Çocuğumu bilgisayarın başından kaldıramıyorum. Bir değişik oyun tipi var... Kargacık burgacık canlıların ellerinde ok mızrak, balta gürz gibi aletler. Bir çizgi film desen değil, bir karikatür desen değil... Yeşil kahverengi bir arazi üzerinde birbirlerine doğru hareket ediyorlar. Bunları bilgisayarın tuşlarıyla kontrol ediyorsunuz. Soruyorum:
-Ne anlıyorsun bundan?
-Sen anlamazsın?
-Sen ne anlıyorsun?
-Zevk alıyorum baba. Dinleniyorum bunu oynarken.
-Bu bir oyun mu?
-Evet. Ama senin bildiğin tarzda değil. Satın aldığın veya yetiştirdiğin kahramanlar var. Gücü şu kadar, etkisi bu kadar, satmaya kalkarsan bilmem şu kadar dolar. Bunları oyundaki diğer arkadaşlar hep bilir.
-Onlar nerede?
-İnternette... Yani ben bu oyuna girdiğim zaman tek başıma oynamıyorum. Benim takipçilerim var, takip ettiklerim var.
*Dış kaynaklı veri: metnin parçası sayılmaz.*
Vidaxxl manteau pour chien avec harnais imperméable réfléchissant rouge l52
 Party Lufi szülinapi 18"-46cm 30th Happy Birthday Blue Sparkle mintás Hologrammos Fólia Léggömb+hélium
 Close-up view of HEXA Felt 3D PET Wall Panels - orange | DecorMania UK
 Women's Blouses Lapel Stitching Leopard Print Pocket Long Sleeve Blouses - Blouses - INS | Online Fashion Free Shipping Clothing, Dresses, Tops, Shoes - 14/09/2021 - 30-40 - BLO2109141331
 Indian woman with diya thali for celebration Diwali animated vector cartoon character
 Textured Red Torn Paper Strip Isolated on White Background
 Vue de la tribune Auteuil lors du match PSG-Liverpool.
Çok geniş bir kadro... Yeni katılanlar var, ayrılanlar var...
Bilgisayarın içinde hangi şehir veya ülkede nerede ve kim olduğunu bilmediğin gerçek ismiyle mi takma isimle mi ya da rumuzla mı katılıyor farkmadığın (fark etmez dediğin) bir dünyayla iletişim içindesin...
Sen evladına yavrum "gel vazgeç" diyorsun. Şurada birkaç kelam edelim. Al eline bir güzel kitap oku. Ne bileyim bir meşgale bul derken bile ne kadar yetersiz kalıyorsun onun o heyecan ve fırtına dolu muhayyel (sanal) dünyası yanında. Dolayısıyla onu bu gerçek hayata alabilmen mümkün olamıyor... Dedim ki:
-Geçek hayatta izlediğin hiçbir film, video, bilgi vs. yok mu internette?
-Var, dedi ve bir videoyu açtı... İzlediği video bir gencin yemek yeme yarışıydı. Kırk dakikada iki duble porsiyon makarna, sekiz dilimlik kocaman pizza, beş enerji içeceği, beş kocaman kaşarlı bilmem neli tost, beş altı yumurtadan oluşmuş omlet, iki üç tane hamburger falan filan... Bunları zorlanmadan yiyebiliyor ve kazandığı zaferi ekrana gülerek ve geğirerek kutluyor.
Benim çocuğum inancı ve itikadı olan birisi ama izlediği videolar ve oynadığı oyunlar ve derslerinden geri kalan zamanda takıldığı yerlere bakar mısınız? Kütüphanelerde okuyan bilgi araştıran gençleri tebrik ederken şu an bu tür ortamların bağımlısı olmuş milyonlarca gencin bu ülkeye ne getirip ne götüreceğini eğitimcilerin, din adamlarının, akademisyenlerin, psikologların, siyasetçilerin vb. dikkatine sunuyorum? Bu gidişat normal mi? Sahi bir öneriniz bir teklifiniz var mı?